Today's headlines about nuclear warfare give the world much unease. When talk centers on such terrible things as MIRVs, SLCMs, GLCMs, lasers, particle-beam generators, killer satellites, the public is understandably concerned about where mankind is headed in this nuclear age. The issue cannot be avoided. Nations cannot ignore thinking about what they must do to remain secure against potential aggression, debating whether they need land-based missiles or more submarines, weighing whether strategies should be based on ''defensive'' or ''offensive'' weapons.

But humankind must not lose sight of where the solution to the nuclear dilemma lies. True and fundamental defense rests not in numbers of launchers, bombers, and warheads, as necessary as these may seem to be in the present climate of intense nationalisms, vehement tribalism, and conflicting ideologies. True defense lies in a day-by-day uplifting of people's lives - in a regeneration of thought and feeling that subdues the selfishness, greed, hate, and envy which lie at the root of tension and conflict. Here are ''weapons'' that every individual can employ, and with the greatest effectiveness. The weapons of compassion, honesty, integrity are the most potent anywhere, for they - unlike the weapons of plutonium - actually destroy the evil impulses which give rise to war.

In an earlier age, an age probably no less frightening to people for its brutal oppressions, aggressive empires, and widespread injustices, St. Paul the missionary told a band of Christians in Corinth: ''For the weapons of

our warfare are not carnal, but mighty through God to the pulling down of strong holds; casting down imaginations, and every high thing that exalteth itself against the knowledge of God, and bringing into captivity every thought to the obedience of Christ.''

Here, perhaps, is a central message of the Easter season.

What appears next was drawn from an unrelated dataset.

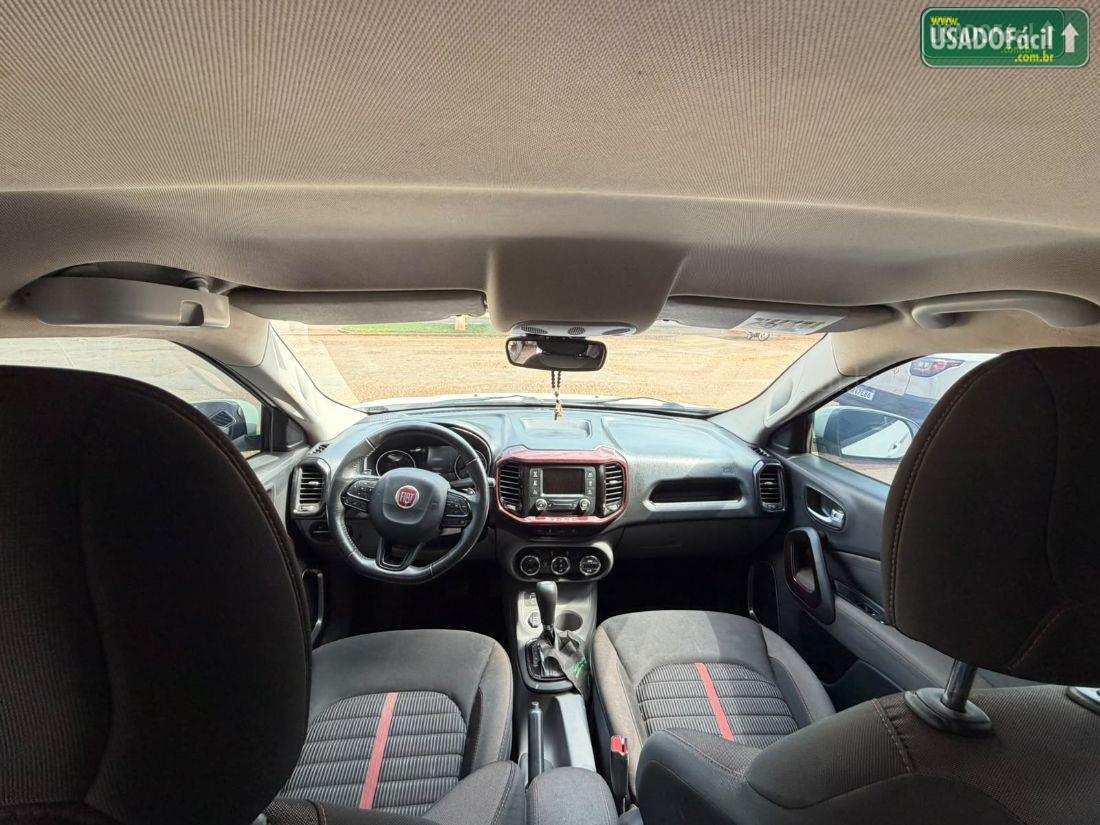 FIAT Toro Freedom Road 1.8 Automático Flex 2017/2018 — foto 8 de 9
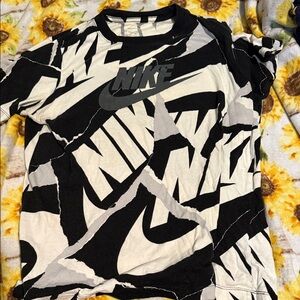 Nike Black and White Logo Graphic Tee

The man whose resurrection Christendom celebrates used those ''mighty weapons'' not only to get himself out of the dark tomb, but to confront and overcome every adversity that human beings have to deal with. Whether those around him were afraid, or ill, or impoverished, Jesus met the challenge with an outpouring of Christly affection. Nothing could resist that divinely derived power. Even the winds and waves - the laws of the physical universe - obeyed his ''Peace, be still.''

Christendom today can be reminded that Jesus did not tell his contemporaries to give up their armies and armor. But everything he preached was an antidote to the way of violence. ''Put up again thy sword into his place,'' he said to one who had cut off the ear of the high priest's servant, ''for all they that take the sword shall perish with the sword.'' If some think his Sermon on the Mount a sublime but irrelevant prescription for coping with ICBMs and IRBMs, let them ponder what the living of purity and love accomplished for humanity. Proving that even the ''last enemy'' can be vanquished, that life is indestructible.

So the world need not feel terrorized or helpless. Not if it keeps its primary focus on the moral and spiritual demands of peace.